* [Provided entries]
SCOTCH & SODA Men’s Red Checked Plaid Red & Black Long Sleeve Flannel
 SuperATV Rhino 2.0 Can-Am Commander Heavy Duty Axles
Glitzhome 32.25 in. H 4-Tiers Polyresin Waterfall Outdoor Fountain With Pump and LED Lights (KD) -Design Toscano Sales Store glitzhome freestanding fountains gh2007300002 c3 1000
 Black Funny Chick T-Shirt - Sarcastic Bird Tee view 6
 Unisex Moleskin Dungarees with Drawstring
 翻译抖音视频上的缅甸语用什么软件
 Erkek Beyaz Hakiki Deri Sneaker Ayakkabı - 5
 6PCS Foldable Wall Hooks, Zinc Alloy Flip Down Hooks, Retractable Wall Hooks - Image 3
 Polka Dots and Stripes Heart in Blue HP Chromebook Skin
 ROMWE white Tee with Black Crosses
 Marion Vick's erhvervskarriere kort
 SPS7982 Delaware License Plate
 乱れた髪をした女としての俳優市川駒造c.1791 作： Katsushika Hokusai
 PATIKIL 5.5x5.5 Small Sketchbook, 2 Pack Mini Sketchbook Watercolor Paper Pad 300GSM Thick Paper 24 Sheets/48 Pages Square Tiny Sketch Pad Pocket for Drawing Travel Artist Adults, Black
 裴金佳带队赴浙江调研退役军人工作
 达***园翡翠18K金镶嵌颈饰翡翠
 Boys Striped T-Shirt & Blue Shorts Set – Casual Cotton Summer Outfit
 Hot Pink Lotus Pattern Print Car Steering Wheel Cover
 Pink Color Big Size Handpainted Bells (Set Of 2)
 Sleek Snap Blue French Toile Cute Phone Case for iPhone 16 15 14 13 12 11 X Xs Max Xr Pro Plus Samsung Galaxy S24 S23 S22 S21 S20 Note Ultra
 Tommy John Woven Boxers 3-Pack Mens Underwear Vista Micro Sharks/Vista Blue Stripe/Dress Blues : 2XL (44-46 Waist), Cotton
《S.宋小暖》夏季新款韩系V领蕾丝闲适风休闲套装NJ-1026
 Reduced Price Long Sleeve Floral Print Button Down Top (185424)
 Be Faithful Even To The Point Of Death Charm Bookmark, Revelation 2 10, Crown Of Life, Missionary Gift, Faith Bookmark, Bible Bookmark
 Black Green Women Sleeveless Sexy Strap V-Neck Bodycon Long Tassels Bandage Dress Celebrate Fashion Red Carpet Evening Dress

* [What the task requires]
Your task is to copy exactly, and only, the lines from the line with "Be Faithful Even" through the last line of the entries, both included.

* [Exercise output]
 Be Faithful Even To The Point Of Death Charm Bookmark, Revelation 2 10, Crown Of Life, Missionary Gift, Faith Bookmark, Bible Bookmark
 Black Green Women Sleeveless Sexy Strap V-Neck Bodycon Long Tassels Bandage Dress Celebrate Fashion Red Carpet Evening Dress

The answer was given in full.